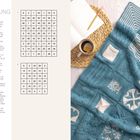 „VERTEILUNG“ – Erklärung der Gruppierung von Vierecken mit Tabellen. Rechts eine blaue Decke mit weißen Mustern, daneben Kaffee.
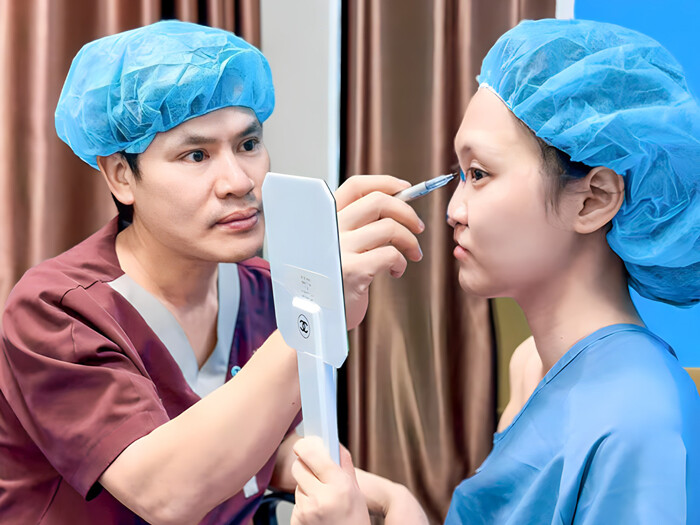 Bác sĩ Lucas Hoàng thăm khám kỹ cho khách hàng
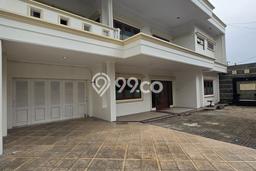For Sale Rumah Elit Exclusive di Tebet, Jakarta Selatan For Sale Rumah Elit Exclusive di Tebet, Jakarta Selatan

(PROBLEM STATEMENT)
Exclude every picture, then reproduce the remaining data character for character.

(ANSWER TO THIS EXERCISE)
 „VERTEILUNG“ – Erklärung der Gruppierung von Vierecken mit Tabellen. Rechts eine blaue Decke mit weißen Mustern, daneben Kaffee.
 Bác sĩ Lucas Hoàng thăm khám kỹ cho khách hàng
For Sale Rumah Elit Exclusive di Tebet, Jakarta Selatan For Sale Rumah Elit Exclusive di Tebet, Jakarta Selatan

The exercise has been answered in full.